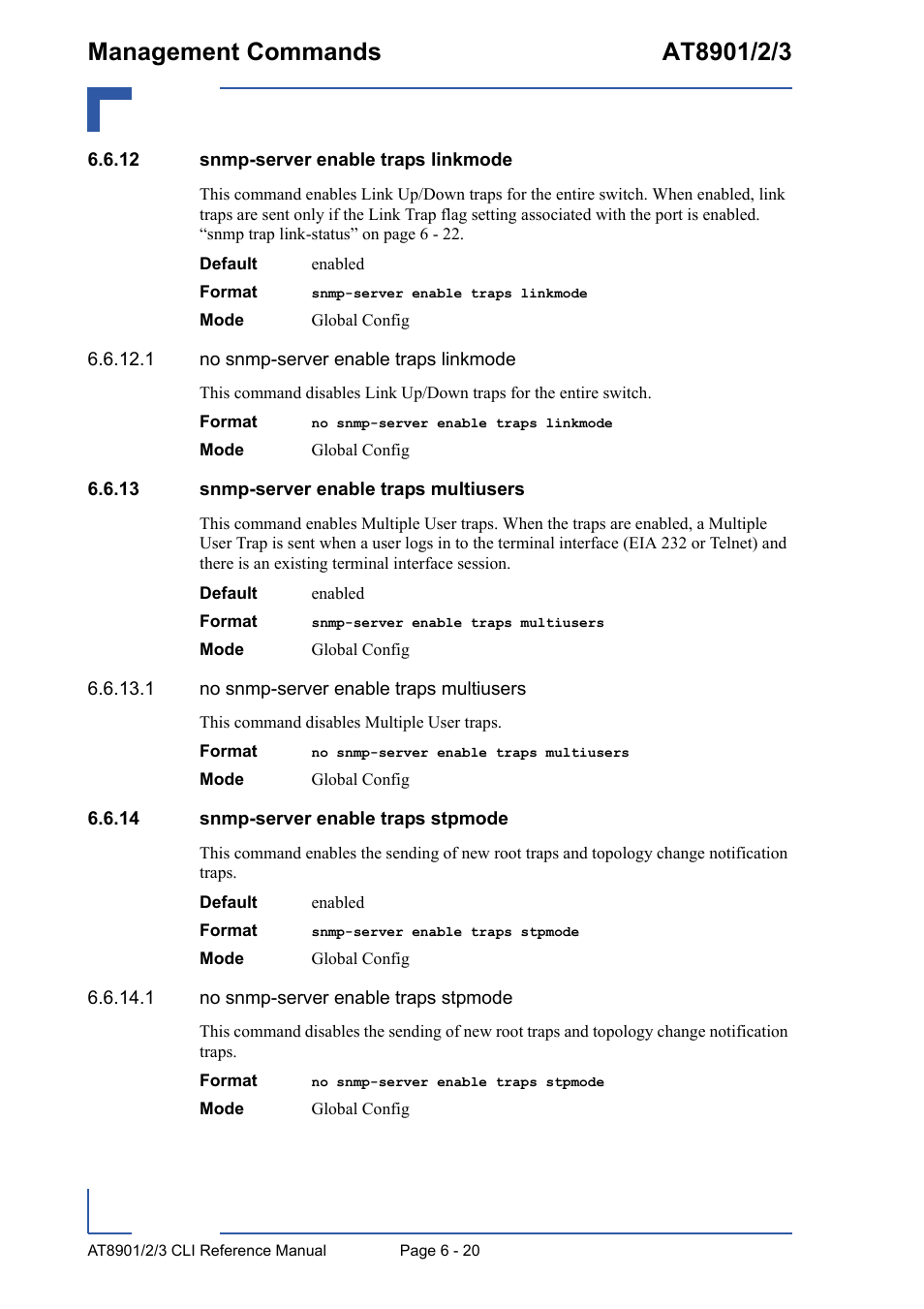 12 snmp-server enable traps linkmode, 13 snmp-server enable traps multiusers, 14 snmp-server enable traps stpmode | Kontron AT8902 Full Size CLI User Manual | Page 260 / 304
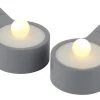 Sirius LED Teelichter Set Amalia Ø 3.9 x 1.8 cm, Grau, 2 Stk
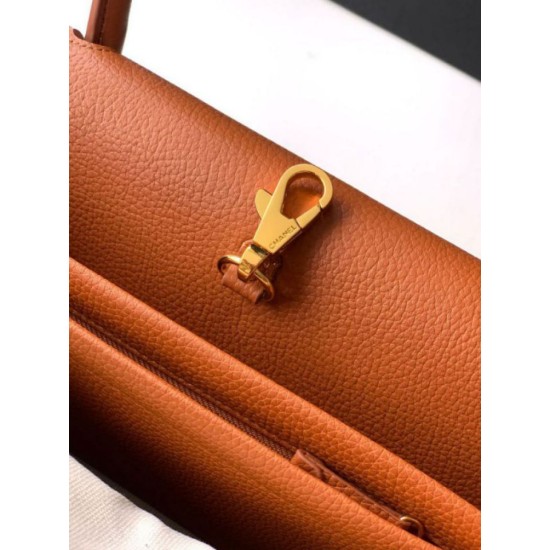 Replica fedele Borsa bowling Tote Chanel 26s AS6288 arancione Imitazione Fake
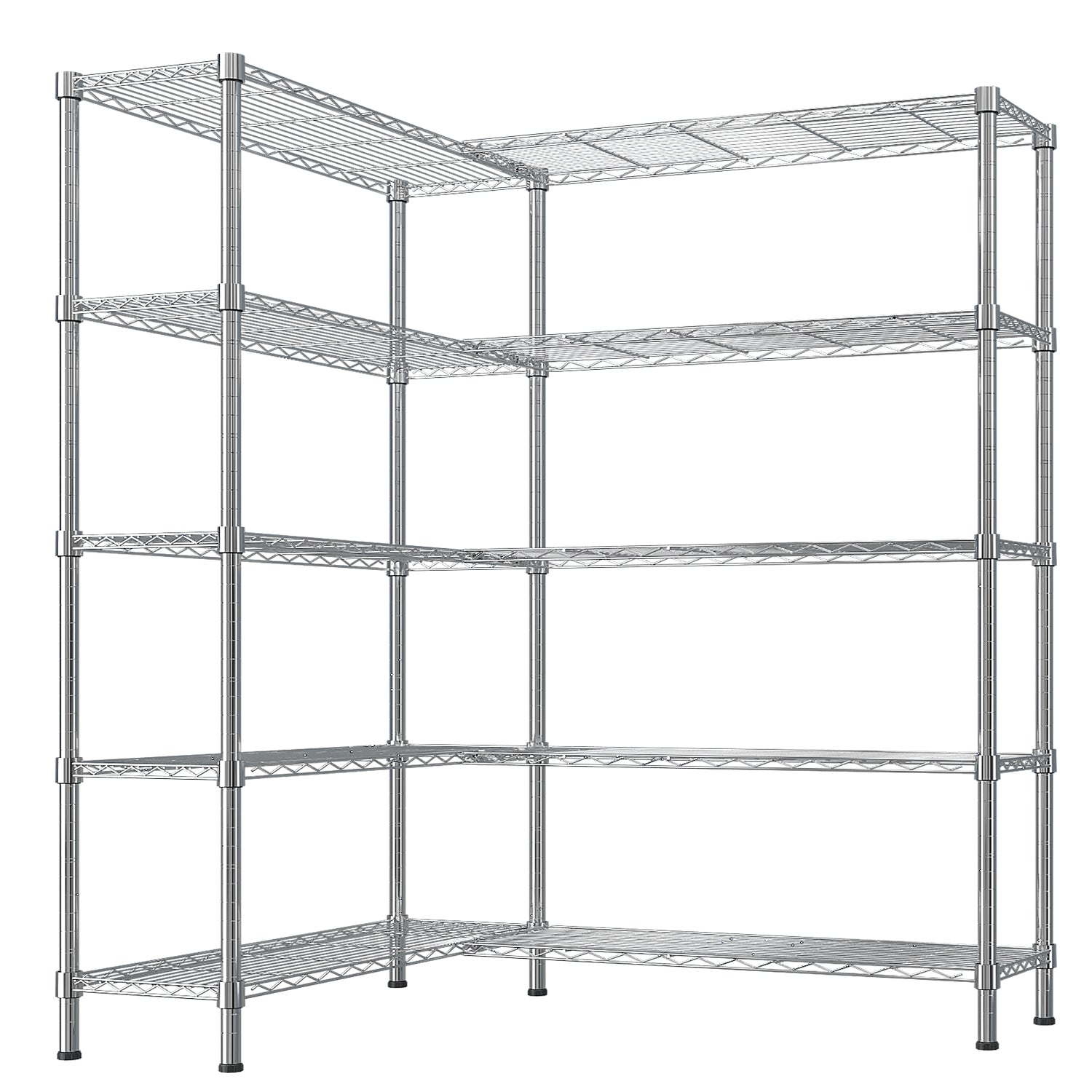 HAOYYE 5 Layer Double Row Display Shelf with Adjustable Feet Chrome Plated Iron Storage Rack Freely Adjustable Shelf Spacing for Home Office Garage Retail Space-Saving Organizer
----------------------------------------
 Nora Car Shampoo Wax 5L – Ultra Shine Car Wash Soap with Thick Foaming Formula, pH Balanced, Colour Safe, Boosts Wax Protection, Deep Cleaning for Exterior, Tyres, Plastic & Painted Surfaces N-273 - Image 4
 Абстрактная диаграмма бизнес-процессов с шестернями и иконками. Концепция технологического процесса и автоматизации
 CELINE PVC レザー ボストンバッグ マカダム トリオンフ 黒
----------------------------------------
Reproduce, word for word, only the lines in the records above from the line with "Replica fedele Borsa" through the line with "HAOYYE 5 Layer", including both ends; omit the pictures.

 Replica fedele Borsa bowling Tote Chanel 26s AS6288 arancione Imitazione Fake
 HAOYYE 5 Layer Double Row Display Shelf with Adjustable Feet Chrome Plated Iron Storage Rack Freely Adjustable Shelf Spacing for Home Office Garage Retail Space-Saving Organizer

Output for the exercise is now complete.